Василий Иванович Суриков родился 12 января (24 по новому стилю) 1848 года в городе Красноярске в семье губернского регистратора Ивана Васильевича Сурикова. Семья принадлежала к старинному казачьему роду. «Предки его пришли в Сибирь вместе с Ермаком. Род его идет, очевидно, с Дона, где в Верхне-Ягирской и Кундрючинской станицах еще сохранились казаки Суриковы. Оттуда они пошли завоевывать Сибирь и упоминаются как основатели Красноярска. „После того как они Ермака потопили в Иртыше, — рассказывал сам художник, — пошли они вверх по Енисею, основали Енисейск, а потом Красноярские остроги — так у нас места, укрепленные частоколом, назывались“. Имена Суриковых и Торгошиных (предков художника со стороны матери) упоминаются в списках бунтовщиков, выступивших против сибирского воеводы Дурново в конце XVII века.

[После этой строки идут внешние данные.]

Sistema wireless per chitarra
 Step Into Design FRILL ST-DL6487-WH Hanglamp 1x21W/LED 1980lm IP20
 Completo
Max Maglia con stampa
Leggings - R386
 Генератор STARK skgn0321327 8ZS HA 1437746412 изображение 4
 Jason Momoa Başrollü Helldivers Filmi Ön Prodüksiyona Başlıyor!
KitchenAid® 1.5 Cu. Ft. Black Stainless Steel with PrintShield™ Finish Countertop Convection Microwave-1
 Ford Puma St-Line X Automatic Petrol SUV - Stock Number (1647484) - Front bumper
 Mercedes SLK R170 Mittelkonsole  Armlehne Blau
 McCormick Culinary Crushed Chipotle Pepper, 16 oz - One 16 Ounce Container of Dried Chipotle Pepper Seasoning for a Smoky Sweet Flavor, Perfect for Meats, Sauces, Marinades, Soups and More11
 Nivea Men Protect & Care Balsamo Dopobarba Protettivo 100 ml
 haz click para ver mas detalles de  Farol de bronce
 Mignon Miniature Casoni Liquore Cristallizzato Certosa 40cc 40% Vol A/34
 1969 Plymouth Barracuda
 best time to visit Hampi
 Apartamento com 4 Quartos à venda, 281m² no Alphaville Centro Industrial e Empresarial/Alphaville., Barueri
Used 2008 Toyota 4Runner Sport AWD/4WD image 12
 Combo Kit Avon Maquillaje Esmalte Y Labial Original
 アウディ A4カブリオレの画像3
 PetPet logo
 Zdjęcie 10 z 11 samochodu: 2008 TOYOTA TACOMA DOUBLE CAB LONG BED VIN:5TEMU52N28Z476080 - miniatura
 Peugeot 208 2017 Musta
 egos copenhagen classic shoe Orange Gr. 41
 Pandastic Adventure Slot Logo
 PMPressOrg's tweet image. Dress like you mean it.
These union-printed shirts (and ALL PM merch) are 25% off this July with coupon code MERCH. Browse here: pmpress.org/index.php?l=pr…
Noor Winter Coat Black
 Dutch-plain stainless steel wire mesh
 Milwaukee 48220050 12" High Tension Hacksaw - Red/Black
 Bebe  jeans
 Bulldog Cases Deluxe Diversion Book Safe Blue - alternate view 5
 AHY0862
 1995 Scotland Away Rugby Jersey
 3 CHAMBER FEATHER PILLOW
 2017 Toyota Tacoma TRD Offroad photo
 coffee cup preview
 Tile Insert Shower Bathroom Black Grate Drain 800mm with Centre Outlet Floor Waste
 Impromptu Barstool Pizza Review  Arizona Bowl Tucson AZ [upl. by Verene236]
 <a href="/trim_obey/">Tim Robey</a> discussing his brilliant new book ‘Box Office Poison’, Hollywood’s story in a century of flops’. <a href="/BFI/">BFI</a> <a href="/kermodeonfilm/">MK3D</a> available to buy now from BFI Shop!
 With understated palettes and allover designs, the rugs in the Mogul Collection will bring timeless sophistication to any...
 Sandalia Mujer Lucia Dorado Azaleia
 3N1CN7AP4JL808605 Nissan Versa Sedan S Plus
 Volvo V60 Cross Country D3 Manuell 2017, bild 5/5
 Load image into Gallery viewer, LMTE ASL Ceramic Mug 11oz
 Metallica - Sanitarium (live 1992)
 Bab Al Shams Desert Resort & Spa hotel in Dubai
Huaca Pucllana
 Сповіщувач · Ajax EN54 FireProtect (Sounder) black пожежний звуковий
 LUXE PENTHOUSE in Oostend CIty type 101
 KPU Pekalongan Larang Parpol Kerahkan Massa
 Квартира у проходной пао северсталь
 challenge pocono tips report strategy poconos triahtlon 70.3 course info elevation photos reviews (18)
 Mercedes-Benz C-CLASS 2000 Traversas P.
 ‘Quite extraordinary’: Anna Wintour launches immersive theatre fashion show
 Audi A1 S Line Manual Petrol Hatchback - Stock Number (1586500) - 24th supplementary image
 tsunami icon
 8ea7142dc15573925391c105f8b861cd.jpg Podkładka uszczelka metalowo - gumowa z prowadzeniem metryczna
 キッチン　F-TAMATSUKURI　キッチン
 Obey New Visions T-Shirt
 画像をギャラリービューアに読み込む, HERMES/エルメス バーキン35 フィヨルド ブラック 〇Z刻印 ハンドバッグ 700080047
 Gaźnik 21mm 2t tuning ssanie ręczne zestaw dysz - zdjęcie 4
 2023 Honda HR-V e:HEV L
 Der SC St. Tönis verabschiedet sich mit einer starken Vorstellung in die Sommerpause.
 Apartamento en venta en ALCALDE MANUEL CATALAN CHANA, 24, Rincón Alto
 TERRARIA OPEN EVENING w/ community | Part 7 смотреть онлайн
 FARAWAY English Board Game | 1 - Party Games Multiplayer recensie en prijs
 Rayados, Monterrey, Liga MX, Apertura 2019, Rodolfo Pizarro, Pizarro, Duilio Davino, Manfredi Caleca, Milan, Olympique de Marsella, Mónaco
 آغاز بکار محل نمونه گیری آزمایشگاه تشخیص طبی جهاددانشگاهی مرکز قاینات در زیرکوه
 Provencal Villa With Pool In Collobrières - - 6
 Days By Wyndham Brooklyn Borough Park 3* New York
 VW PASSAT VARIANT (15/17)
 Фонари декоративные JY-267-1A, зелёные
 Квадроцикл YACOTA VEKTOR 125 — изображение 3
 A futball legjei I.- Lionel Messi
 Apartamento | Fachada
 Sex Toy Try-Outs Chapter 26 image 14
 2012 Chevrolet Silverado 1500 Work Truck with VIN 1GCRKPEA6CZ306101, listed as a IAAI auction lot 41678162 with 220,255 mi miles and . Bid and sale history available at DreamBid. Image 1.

Суриков всегда гордился своими предками и своей родиной — Сибирью. Он поэтично и образно рассказывал о ней: „Сибирь под Енисеем… — страна полная большой и своеобразной красоты. На сотни верст — девственный бор тайги с диким зверьем. Таинственные тропинки вьются тайгою десятками верст и вдруг приводят куда-нибудь в болотную трясину или же уходят в дебри скалистых гор. Изредка попадается несущийся с гор бурный поток, а ближе к Енисею то по одному берегу, а то и по обоим — убегающие в синюю даль богатые поемные луга с пасущимися табунами…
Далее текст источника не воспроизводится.